Chuck menjelaskan bahwa kejahatan yang dituduhkan kepada Nadiem memiliki ciri khas white collar crime, yaitu dilakukan tanpa kekerasan fisik namun menimbulkan kerugian finansial besar melalui tipu daya dan penyalahgunaan wewenang. Pelaku kejahatan kerah putih umumnya adalah profesional yang memiliki akses eksklusif terhadap sistem keuangan dan informasi penting, sehingga tindakan kejahatan seringkali berlangsung dengan senyap dan sulit terdeteksi dalam waktu singkat.

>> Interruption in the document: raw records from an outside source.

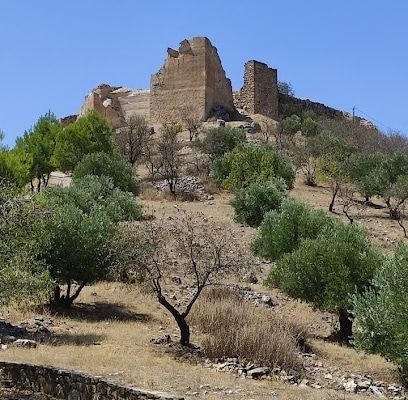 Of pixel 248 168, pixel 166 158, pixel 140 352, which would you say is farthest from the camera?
pixel 166 158

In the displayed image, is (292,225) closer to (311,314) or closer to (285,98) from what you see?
(311,314)

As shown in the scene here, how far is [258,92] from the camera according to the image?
5312cm

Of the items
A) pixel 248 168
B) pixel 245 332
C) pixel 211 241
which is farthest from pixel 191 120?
pixel 245 332

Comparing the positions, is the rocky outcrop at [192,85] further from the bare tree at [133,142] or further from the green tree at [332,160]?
the green tree at [332,160]

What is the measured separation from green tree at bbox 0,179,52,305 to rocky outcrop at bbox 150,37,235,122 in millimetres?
35820

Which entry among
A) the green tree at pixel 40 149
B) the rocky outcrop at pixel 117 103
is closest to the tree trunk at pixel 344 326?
the green tree at pixel 40 149

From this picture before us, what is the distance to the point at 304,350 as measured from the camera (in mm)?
14891

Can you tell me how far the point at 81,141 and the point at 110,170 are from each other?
19.9ft

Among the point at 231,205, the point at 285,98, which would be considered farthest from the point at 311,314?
the point at 285,98

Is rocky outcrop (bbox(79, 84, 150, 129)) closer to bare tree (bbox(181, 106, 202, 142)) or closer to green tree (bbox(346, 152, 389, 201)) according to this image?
bare tree (bbox(181, 106, 202, 142))

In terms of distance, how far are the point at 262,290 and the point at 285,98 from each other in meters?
40.6

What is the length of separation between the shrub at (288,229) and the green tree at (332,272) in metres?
2.73

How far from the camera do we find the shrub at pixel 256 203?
28.8 metres

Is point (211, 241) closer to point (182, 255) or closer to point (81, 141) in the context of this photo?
point (182, 255) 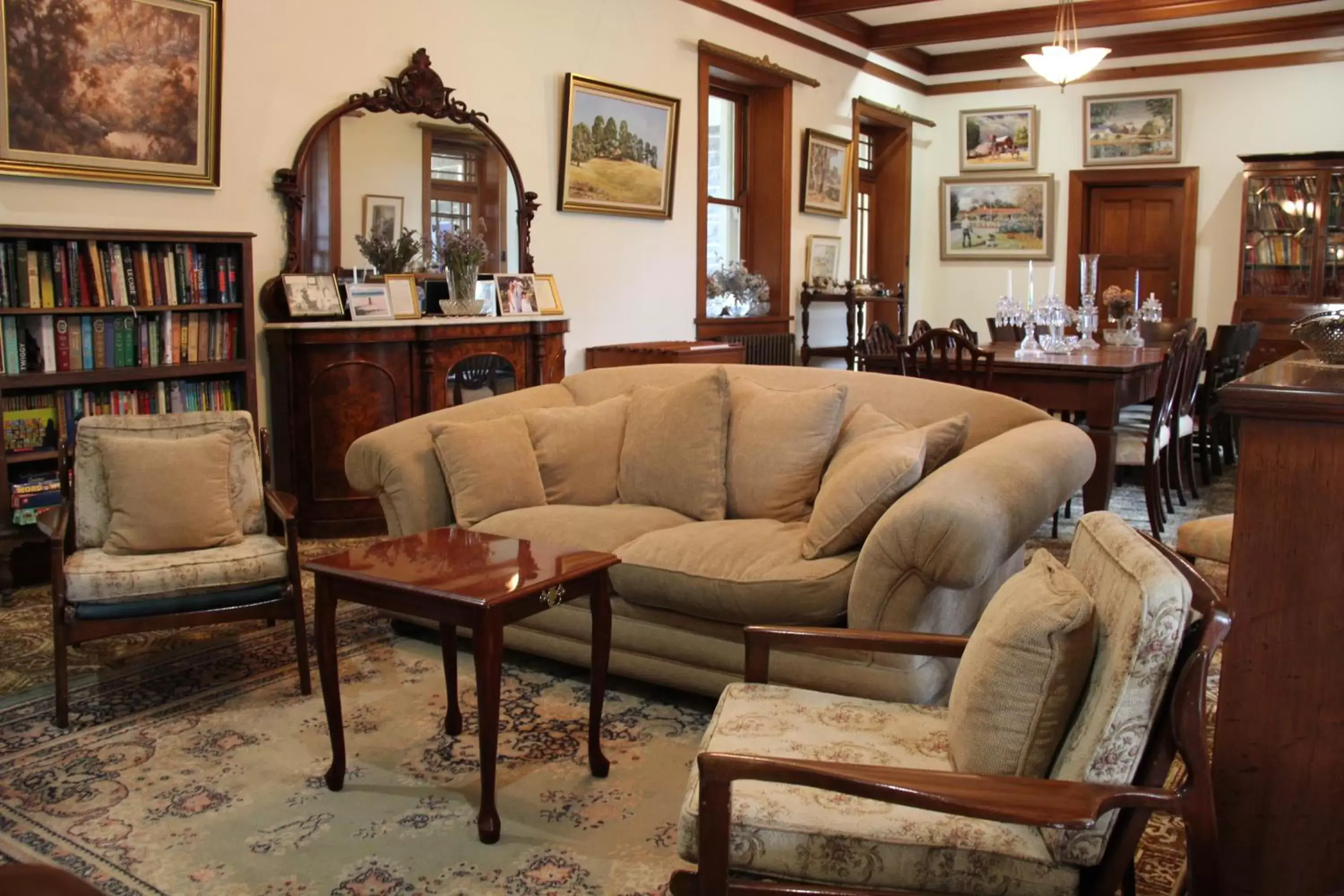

Karakter white collar crime bersifat sistematis dan sering baru terungkap setelah berjalan cukup lama, dan dampaknya tidak hanya menimbulkan kerugian negara tetapi juga dapat mengganggu stabilitas ekonomi dan sosial. Oleh karena itu, penanganan perkara ini membutuhkan instrumen teknis yang kuat dan lintas disiplin, seperti audit forensik dan analisis data keuangan.
Chuck memberikan apresiasi atas langkah Kejaksaan Agung Republik Indonesia dalam mengungkap perkara ini namun juga mengingatkan pentingnya penelusuran aset hasil kejahatan sebagai upaya pemulihan kerugian negara. Nadiem ditetapkan sebagai tersangka terkait dugaan korupsi pengadaan laptop Chromebook di Kemendikbudristek periode 2019–2022 yang diduga merugikan negara hingga Rp2,1 triliun. Jaksa mendakwa Nadiem melakukan tindak pidana korupsi dalam proyek tersebut serta menyoroti dugaan ketidaksesuaian perencanaan pengadaan dan kepemilikan saham perusahaan investasi oleh Nadiem.